Content and Source of Data

Our data concerns a study of coronary artery disease (CAD), containing 1,401 study individuals with genotype information across 861,473 single nucleotide polymorphisms (SNPs) [2]. The individuals were surveyed between July 1998 and March 2003, where the case-control study was based on European ancestry severe angiographic CAD status. We provide a pre-processed dataset in the form of .csv files for:

Below is a list of the covariates for you to analyse (refer to the appendix for explanations for the biological concepts).

High-density lipoprotein (HDL)
Low-density lipoprotein (LDL)
Triglycerdies (TG)
Coronary artery disease (CAD)
\(6 \times 10^{5}+\) different SNPs


The aim of our study is to determine the causal significance of certain single nucleotide polymorphisms (SNPs) attached to the chromosomes to standard measures and occurrence of coronary artery disease (CAD), via a well-known method used in computational biology called “Genome-wide Association Study” (GWAS). In particular, we present and use the methods described by a well-known paper by Reed et al. [2].

We will judge you by the final quality of your report: interpretability of your model and the clarity of your explanation in the final report are important.

You should output your \(p\)-values or any findings into a csv file and upload it, together with all the codes used, onto the designated folder, and then zip it.

Overview (An example)

Building a linear model \[ HDL_{i} = \alpha_{i} + x_{SNP_{k}}\beta_{i,1} + x_{LDL_{i}}\beta_{i, 2} + x_{CAD}\beta_{i, 3} + x_{SEX}\beta_{i, 4} + x_{TG}\beta_{i, 5} + \sum_{k=1}^{9}PC_{k}\beta_{i, k} + \epsilon_{i}, \] with \(\epsilon_{i}\stackrel{i.i.d.}{\sim} F\) for some probability distribution \(F\). With HDL as the response, and adding 1 SNP and 9 principal components each time, we obtain the below results summarised by a Manhattan plot with \(F\) being Gaussian.
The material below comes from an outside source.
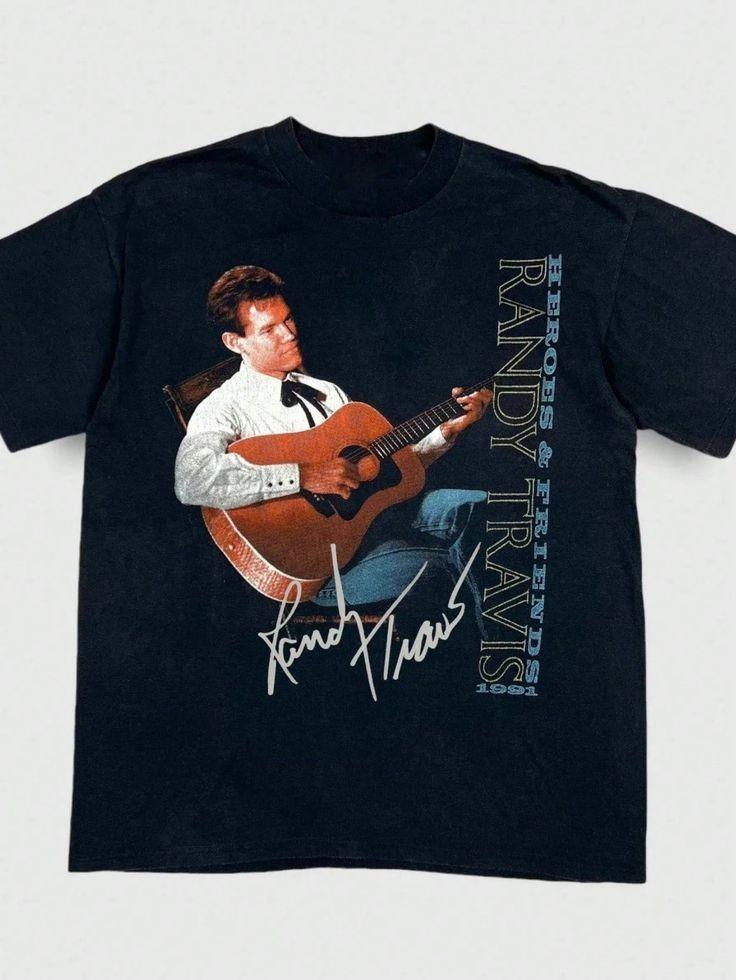 Randy Travis Live In Concert Cotton Black Full Size T Shirt NI250 FREE SHIPPING L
We see that there are plenty of SNPs that are statistically interesting. For example, the SNP rs1532625 surpasses the candidate threshold. As a result, this result provides important insights for lab biologists to conduct further lab work on this particular chromosome and SNP.
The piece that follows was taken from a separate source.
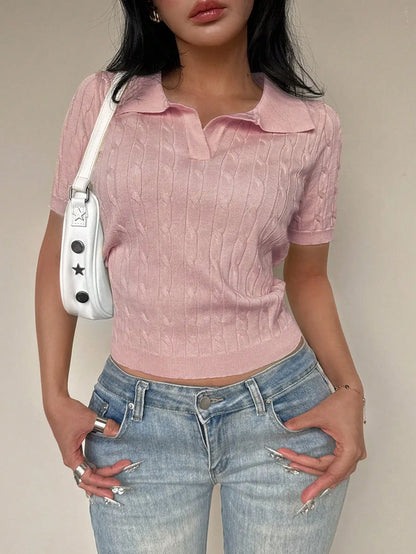 Women's Casual Short Sleeve Polo Collar Cable Knit Top Solid Green Summer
A way to assess model fit is to plot a Q-Q plot of the observed vs expected \(\chi^{2}\) statistics of our models. The left graphs illustrate it when we do include the confounders, the 9 principle components, and the right graphs illustrate when we do not include them. For the HDL model, we can see that the right tails for both plots are heavy, as they deviate from the diagonal lines. As suggested by Reed et al.[2], since the points are mostly along the diagonal line we probably do not have systemic bias. Furthermore, the heavy tails also suggest some degree of association.

Another way is to use the \(\lambda\)-statistics, where a value close to 1 suggests adjustments for possible substructure [2].

The Project

Main Task: Study the SNPs that are likely to cause measures such as triglycerides, low-density lipoprotein (LDL) cholesterol and high-density lipoprotein (HDL) cholesterol to change, and which SNPs seem to be linked to the cardiovascular diseases the most. In particular, use linear and logistic regressions. Be careful with how you interpret the \(p\)-values (adjust for Bonferonni correction).

Bonus: Other methods are also possible and it is up to you to explore these options.

Appendix: Biological Background

We give definitions to a couple of key biological concepts:

  1. Low-density lipoprotein (LDL): There are 2 types of lipoproteins that cholesterols in your blood flows on. LDL makes up most of the body’s cholesterols, and high levels raises your risk of heart disease and stroke.
  2. High-density lipoprotein (HDL): HDL absorbs cholesterols and carries it back to the liver. High levels can have the converse effects of LDL.
  3. Triglycerides: Triglycerides are a type of lipid found in the human blood. They are usually stored in the fat cells. Triglycerides store unused calories and provide the human body with energy, whereas cholesterols are used to build cells and some hormones. Often high Triglycerides are associated with other conditions that increase the risk of heart disease.
  4. Coronary artery disease (CAD): This is a condition in which the major blood vessels in the body, such as the coronary arteries, become damaged. This can lead to heart attacks or strokes.
  5. Angiography (angiography): Coronary angiography is a method used to use the X-ray to see the heart’s vessels inside a person’s body.


Demonstrations above are done using \(R\). However, any scientific computing language would also work.


[1] T. Thornton, “Identity by Descent, the Kinship Coefficient, and the Coefficient of Fraternity,” Summer Institute in Statistical Genetics 2013, 2013.

[2] E. Reed, S. Nunez, D. Kulp, J. Qian, M. P. Reilly, and A. S. Foulkes, “A guide to genome-wide association analysis and post-analytic interrogation,” Statistics in Medicine, 2015.